EXERCISE OBJECTIVE.
An exact copy of the entries below is required, with all pictures removed.

SUPPLIED ENTRIES.
++++++++

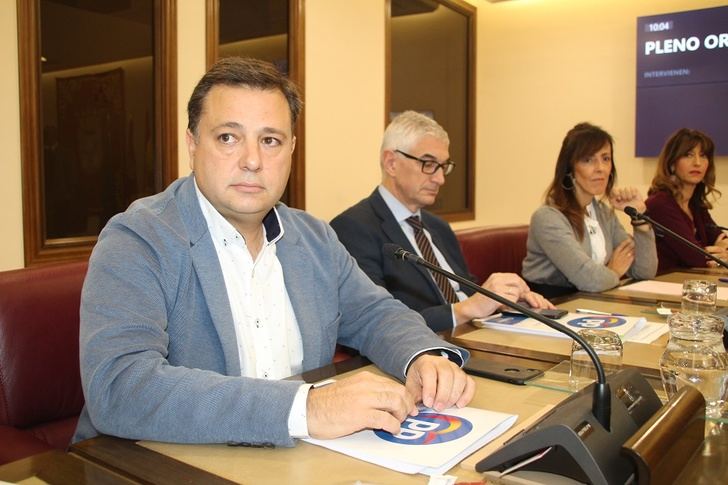 El PP del Ayuntamiento de Albacete pide consenso para lograr proyectos necesarios para la ciudad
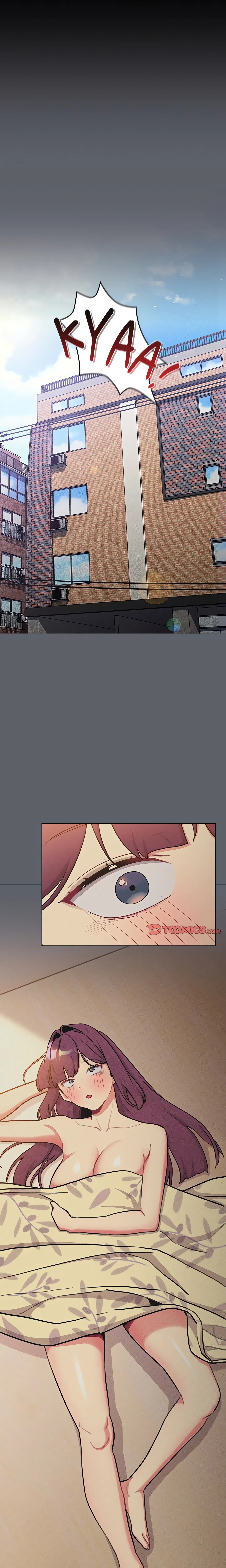 What do I do now…? (Official) chapter 122 page 12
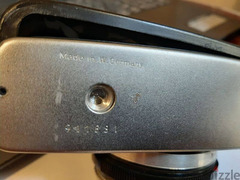 كاميرا dignette مصنوعة في المانيا - 3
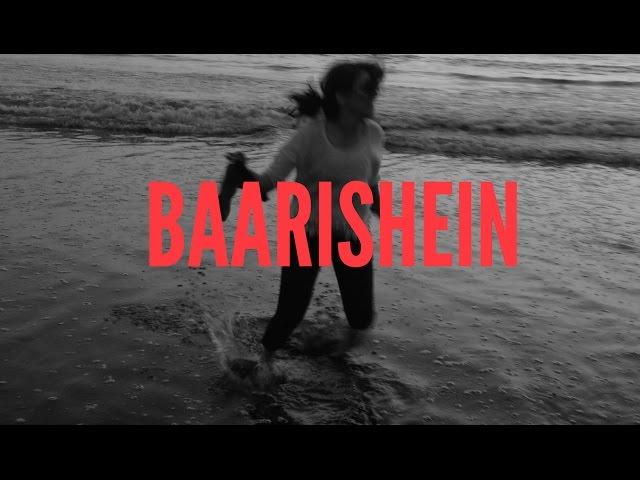 BAARISHEIN (Studio) Anuv Jain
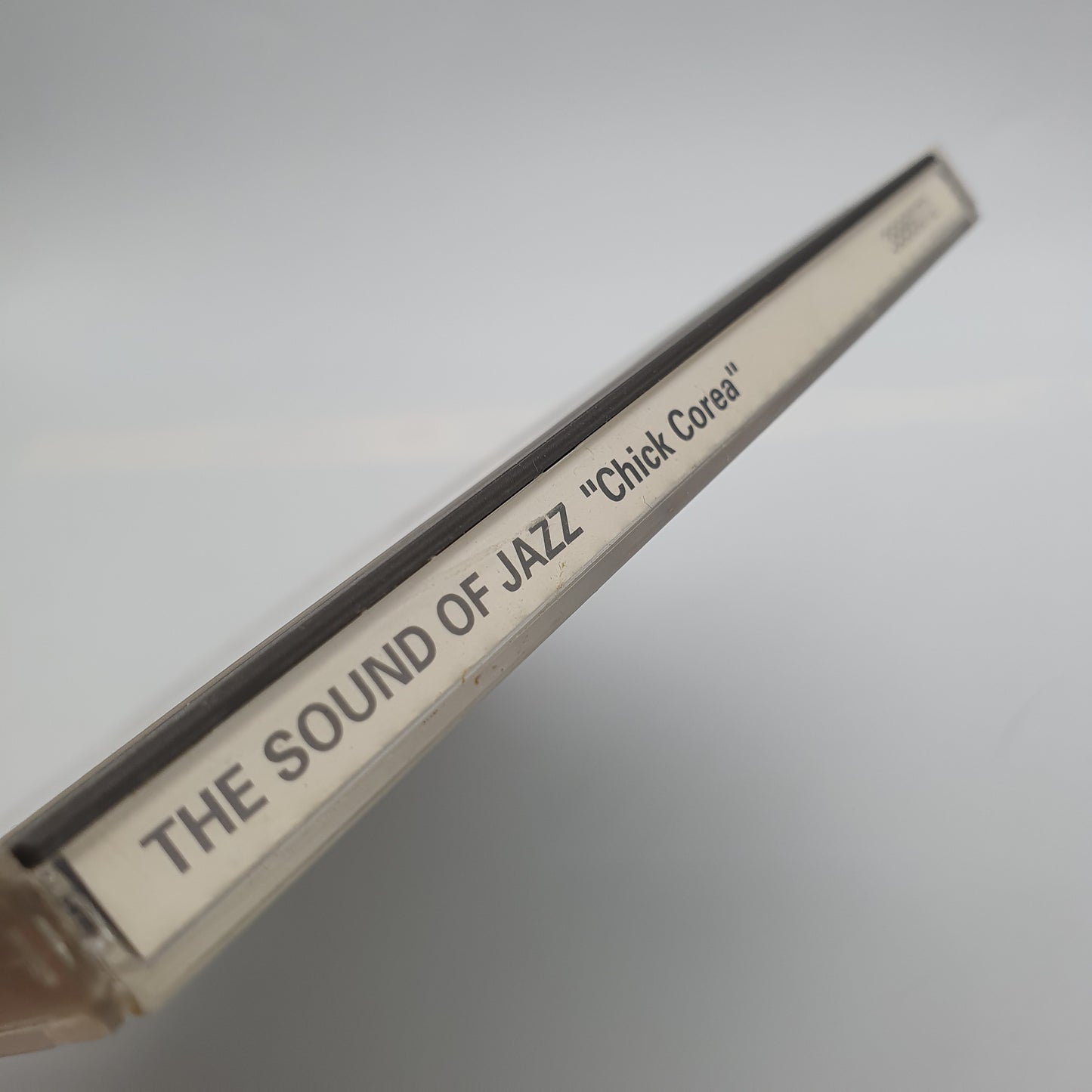 Chick Corea ‎– The Sound Of Jazz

++++++++

WRITTEN ANSWER.
 El PP del Ayuntamiento de Albacete pide consenso para lograr proyectos necesarios para la ciudad
 What do I do now…? (Official) chapter 122 page 12
 كاميرا dignette مصنوعة في المانيا - 3
 BAARISHEIN (Studio) Anuv Jain
 Chick Corea ‎– The Sound Of Jazz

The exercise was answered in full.